Por mais que muitos tenham a sensação de que já alcançamos muitas coisas e isso é verdade, ainda falta muito a ser alcançado e isso porque somos silenciadas, apagadas, assassinadas, preteridas, não porque não tenhamos tentado. É importante que os homens assistam a série e conversem com as mulheres que também assistiram, mas é ainda mais importante que conversem com os amigos e pensem de que maneira podemos mudar nossa forma de agir para que Gilead não seja uma realidade, mas uma distopia, como deveria ser.

 

 Confira o trailer da segunda temporada com estreia prevista para abril de 2018

https://youtu.be/xxQhWrAcQnE

 

 

 

Dani Marino

Dani Marino é pesquisadora de Quadrinhos, integrante do Observatório de Quadrinhos da ECA/USP e da Associação de Pesquisadores em Arte Sequencial - ASPAS. Formada em Letras, com habilitação Português/Inglês, atualmente cursa o Mestrado em Comunicação na Escola de Artes e Comunicação da USP. Também colabora com outros sites de cultura pop e quadrinhos como o Minas Nerds, Quadro-a-Quadro, entre outros.

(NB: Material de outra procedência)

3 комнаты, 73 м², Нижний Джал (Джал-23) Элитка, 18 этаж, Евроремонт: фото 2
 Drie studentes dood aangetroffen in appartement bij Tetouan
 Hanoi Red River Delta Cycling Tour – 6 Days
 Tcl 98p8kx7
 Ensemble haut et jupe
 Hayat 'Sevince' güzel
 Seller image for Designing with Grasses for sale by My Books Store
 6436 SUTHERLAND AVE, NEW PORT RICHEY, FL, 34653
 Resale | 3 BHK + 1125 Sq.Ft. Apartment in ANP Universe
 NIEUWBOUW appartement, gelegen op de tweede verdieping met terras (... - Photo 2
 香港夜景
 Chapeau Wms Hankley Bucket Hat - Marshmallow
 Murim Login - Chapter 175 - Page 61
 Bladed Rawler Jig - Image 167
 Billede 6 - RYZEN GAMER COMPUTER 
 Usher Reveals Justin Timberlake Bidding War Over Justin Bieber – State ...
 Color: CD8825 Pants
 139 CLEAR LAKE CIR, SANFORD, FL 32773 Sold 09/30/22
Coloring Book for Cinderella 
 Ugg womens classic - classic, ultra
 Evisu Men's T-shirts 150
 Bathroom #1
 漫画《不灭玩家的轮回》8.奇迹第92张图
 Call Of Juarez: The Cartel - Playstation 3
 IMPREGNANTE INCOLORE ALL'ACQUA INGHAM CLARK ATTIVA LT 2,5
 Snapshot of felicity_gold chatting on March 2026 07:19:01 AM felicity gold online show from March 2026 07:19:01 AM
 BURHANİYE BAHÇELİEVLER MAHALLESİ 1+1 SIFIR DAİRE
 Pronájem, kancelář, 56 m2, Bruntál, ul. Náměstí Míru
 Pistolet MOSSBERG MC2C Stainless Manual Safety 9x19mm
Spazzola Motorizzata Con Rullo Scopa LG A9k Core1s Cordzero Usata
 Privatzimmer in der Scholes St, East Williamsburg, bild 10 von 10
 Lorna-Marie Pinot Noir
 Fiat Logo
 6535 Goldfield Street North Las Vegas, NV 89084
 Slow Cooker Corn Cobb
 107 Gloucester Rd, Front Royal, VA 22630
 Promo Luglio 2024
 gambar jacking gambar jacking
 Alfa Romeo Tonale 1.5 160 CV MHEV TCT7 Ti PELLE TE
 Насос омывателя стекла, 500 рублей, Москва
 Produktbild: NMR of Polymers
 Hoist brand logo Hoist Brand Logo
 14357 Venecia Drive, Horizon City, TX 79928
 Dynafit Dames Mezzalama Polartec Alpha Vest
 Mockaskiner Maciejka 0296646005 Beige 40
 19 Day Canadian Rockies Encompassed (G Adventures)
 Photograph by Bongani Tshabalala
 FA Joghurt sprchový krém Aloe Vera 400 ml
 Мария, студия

Este post tem 8 comentários

  1. Thales Machado

    Que série foda, cara. Um must watch pra todo mundo! Concordo com tudo em gênero, número e grau!

  2. Jennifer

    Sensacional. A sua análise e suas referências são, realmente, instigantes. Muito obrigada por dedicar um espaço aqui para esse livro e série, e ainda mais importante, por trazer reflexões que me deixaram inquieta.

    1. Dada the Luç

      Achei o texto interessante tb. Mas por que cargas dagua, vc usa esse avatar?

  3. JN

    vê um video no youtube, Como reconhecer uma distopia?, e acha que por isso e apenas por isso a série não é distopia. Que piada. Não sabe como funcionam e são criadas distopias e vem com achismos

  4. Simone

    Gostei muito da sua análise… só uma coisa que achei um pouco exagerado foi falar dos cristãos como se eles fosse aquele tipo de cristão…pq na série,aquilo não é o evangelho de verdade,portanto eles não podem ser chamados de “cristão” como se realmente fossem….mas tirando isso,gostei muito, bom vê outros pontos de vista.